Corn
Price action: March corn closed up 6 3/4 cents at $4.88 3/4, ending near the session high after carving a three-week low overnight.
Fundamental analysis: After gapping lower in the overnight open as the marketplace reeled from President Trump’s plan of fresh tariffs against Canada, Mexico and China, corrective buying was featured through most of the day session amid news some tariffs would be delayed a month. The situation will remain fluid as negotiations continue, with earlier mentions of possible tariffs on the European Union as well, citing a large trade deficit with the bloc.
Meanwhile, safrinha corn plantings continue to face delays due to frequent and significant rainfall from Mato Grosso into Sao Paulo and Parana early this week, though rainfall intensity and coverage are expected to lighten across central Brazil next week. World Weather Inc. reports farmers will continue to struggle to aggressively harvest soybeans over the next two weeks, which will increase concern over safrinha plantings.
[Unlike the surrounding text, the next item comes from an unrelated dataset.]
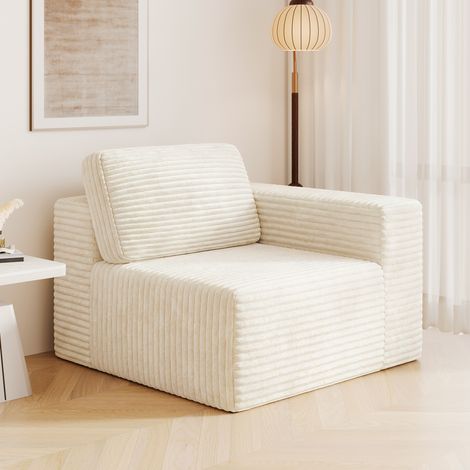 Modulares Cordsofa-Modul – rechte Position, Komfort mit hochelastischem Schaumstoff, 101 x 101 x 82 cm, Beige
In central and northern Argentina, temps will be above normal for the next seven to ten days, which will coincide with no rain and quickly drying and crop stress.
This morning, USDA reported weekly Export Inspections of 1.25 MMT (49.3 million bu.) for the week ended Jan. 30, up 1,281 MT from the previous week and within pre-report expectations from 1.0 MMT to 1.4 MMT. Corn inspections are running ahead of year-ago inspections by 33% and well ahead of the seasonal pace needed to achieve USDA’s target.
Technical analysis: March corn futures managed to end the session back above the 10-day moving average of $4.87 1/2 after dipping to a three-week low in overnight trade. The move was solid proof of bulls’ continued grasp on the near-term technical advantage. The camp will continue to work to secure a close above $5.00, with interim resistance serving at $4.93, $4.97. Conversely, bears’ next objective is to manage a close below support at $4.60, though interim support is layered at the 20-day moving average of $4.78, then at $4.74, $4.68 1/2 and the 40-day moving average of $4.62 1/2.
What to do: Get current with advised sales.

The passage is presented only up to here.